Seven day working: why the health secretary’s proposal is not as simple as it soundsBMJ 2015; 351 doi: http://dx.doi.org/10.1136/bmj.h4473 (Published 05 September 2015) Cite this as: BMJ 2015;351:h4473
- Helen Crump, fellow in health policy, Nuffield Trust, London, UK
What is the health secretary proposing?
The rationale for expanded seven day working set out by Jeremy Hunt was to improve the quality of care at weekends and, in particular, to tackle higher mortality among people admitted on Saturdays and Sundays.1 It is not clear whether he had in mind emergency or elective procedures, or both, when he made his comments, but he called for speedier diagnostic test results, timely consultant review when a patient is first admitted, consultant directed interventions, ongoing consultant review in high dependency areas, and proper assessment of mental health needs.
These points echo several of the 10 clinical standards set out by NHS England’s seven day working taskforce in 2013.2 The clinical standards focused mainly on process improvement and ensuring provision was appropriate for urgent and emergency patients. Following Hunt’s speech NHS central bodies wrote to trusts asking them to prepare to be monitored against four of these standards, focusing on consistent provision for inpatients at the weekend: time to consultant review, access to diagnostics, access to consultant directed interventions, and ongoing review.

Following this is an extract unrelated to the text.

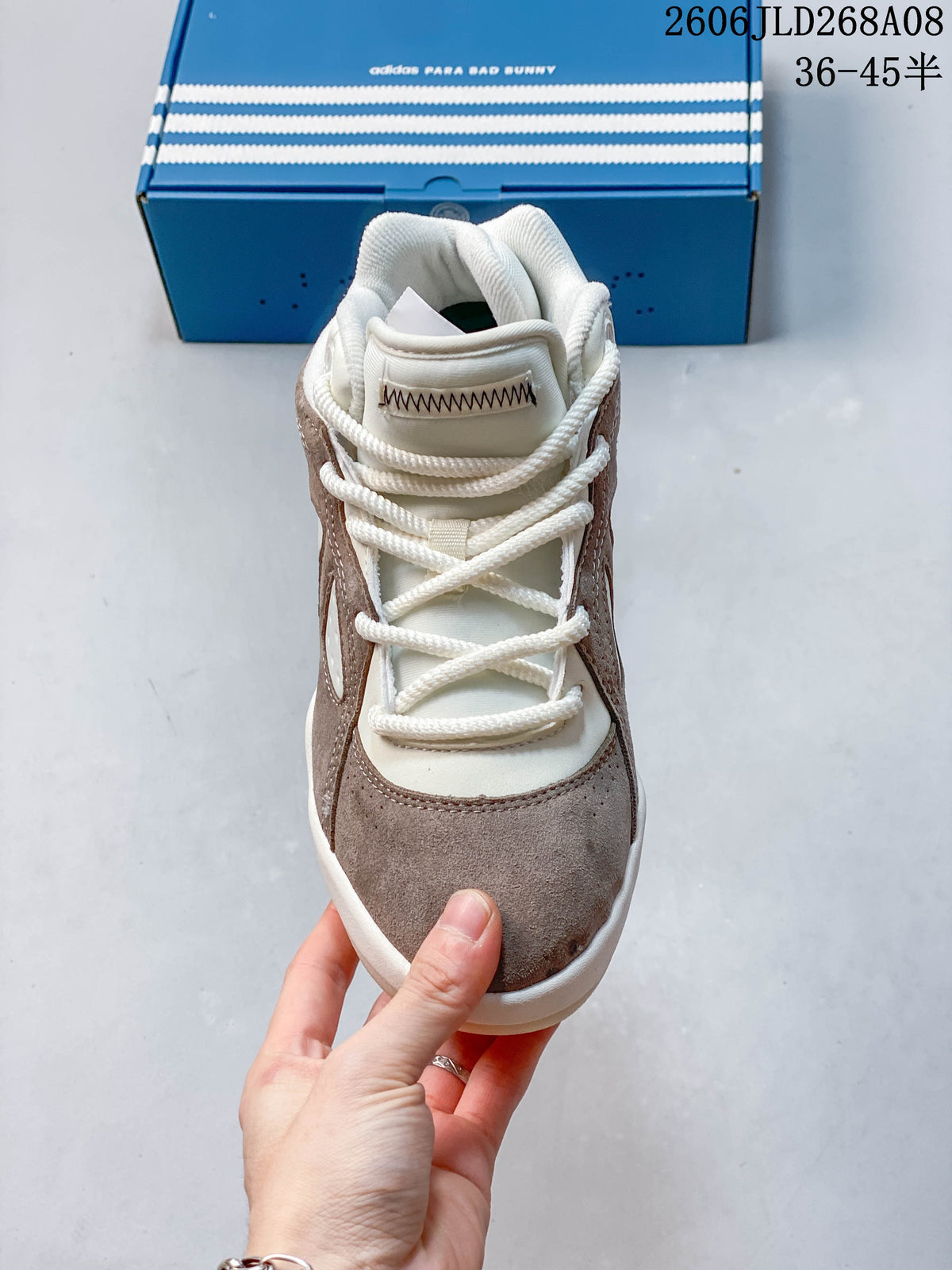 Front view showing the lace-up closure and taupe toe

What is the evidence behind increased weekend death rates?
With the important caveat that excess deaths are a contested measure for gauging the quality and safety of services,3 some studies have identified a relation between the day of the week a patient is admitted or a procedure is carried out and the probability of dying within 30 days. These trends have been found in both elective and emergency patients.